Northeastern Section - 40th Annual Meeting (March 14–16, 2005)

Paper No. 15
Presentation Time: 8:00 AM-12:00 PM


LARSEN, Darren J., GOSS, John M., HUMPHREYS, Alexandra E., RUSSONIELLO, Christopher J., WEEKS, Samuel S. and GASTALDO, Robert A., Department of Geology, Colby College, Waterville, ME 04901,

The Silurian Ripogenus Formation consists of shallow marine siliciclastics and fossiliferous carbonates. It is located on the Caribou Lake Anticline in north-central Maine, and is truncated to the east by the Katahdin Pluton. It is in contact with Dry Way Volcanics. The best exposure of the Ripogenus Formation lies at the southeastern end of Ripogenus Lake, in a gorge at the base of Ripogenus Dam, 28 miles northwest of Millinocket. Although the formation has been noted previously to contain abundant shallow marine invertebrates, few paleontological studies have been conducted. This project evaluated the fossil assemblage and unique lithology of the Ripogenus Formation.

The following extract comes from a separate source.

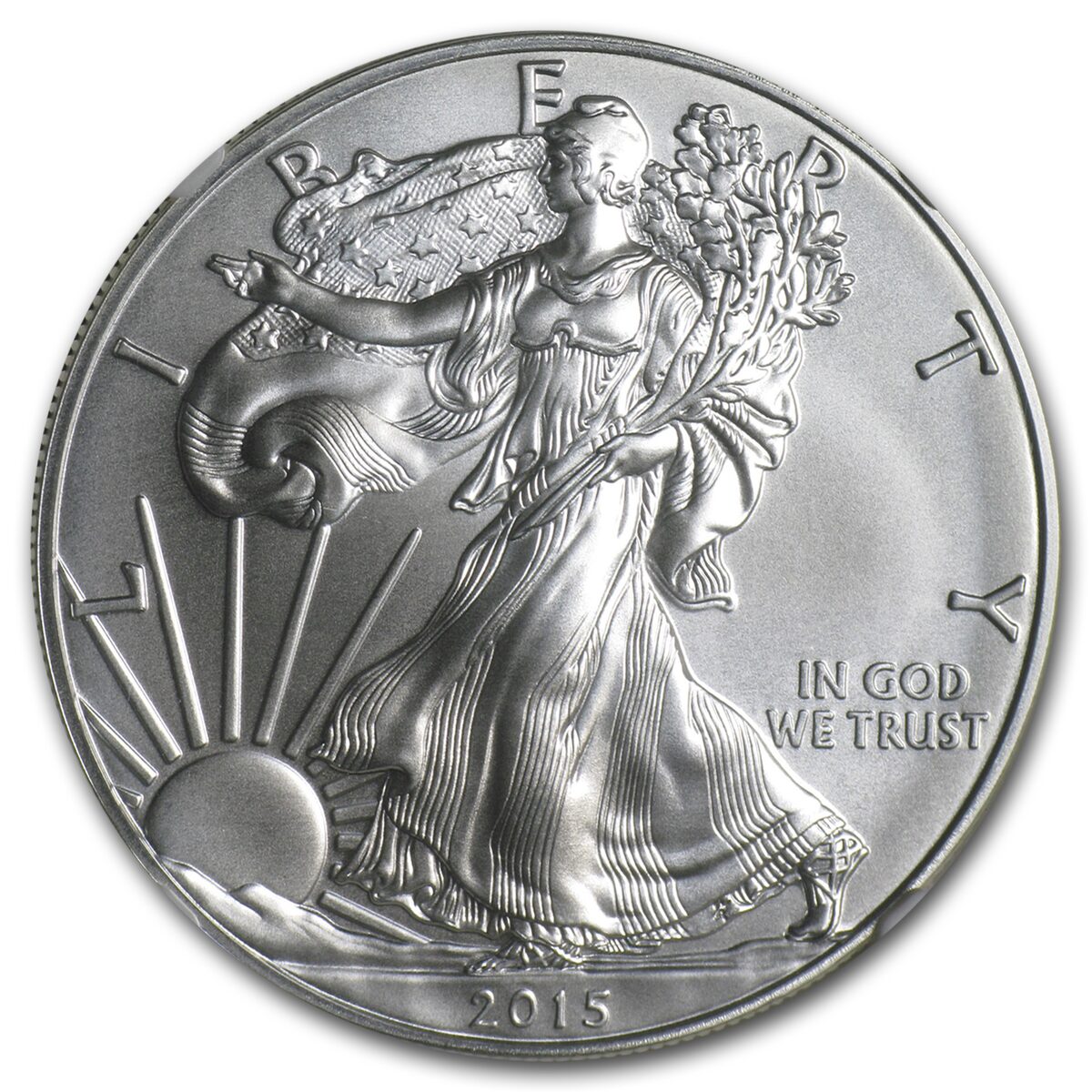 2015 American Silver Eagle MS-70 NGC (First Day Issue)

The most distinctive lithostratigraphic interval is a ~15 m section of alternating sandstone and limestone beds, typically 10 to 40 cm and 5 to 20 cm in thickness, respectively. The limestones have been weathered heavily, and exhibit a conspicuous pitted appearance. The fauna is restricted to these limestones and consists of benthic invertebrates associated with reef environments. These include framework builders such as stromotoporoids and Halysites, as well as, reef dwellers such as bryozoans, pentamerid brachiopods, and Archaegastropods. The fossils are found both in situ and organically bound as allochthonous elements within the carbonate unit.

The relative abundance and specific composition of the assemblage strongly resembles a Silurian reef community. A paleoecological analysis of the assemblage confirms the presence of a protected reef-flank or proximal-reef community subject to cyclical sea-level fluctuations with changes in sedimentation processes.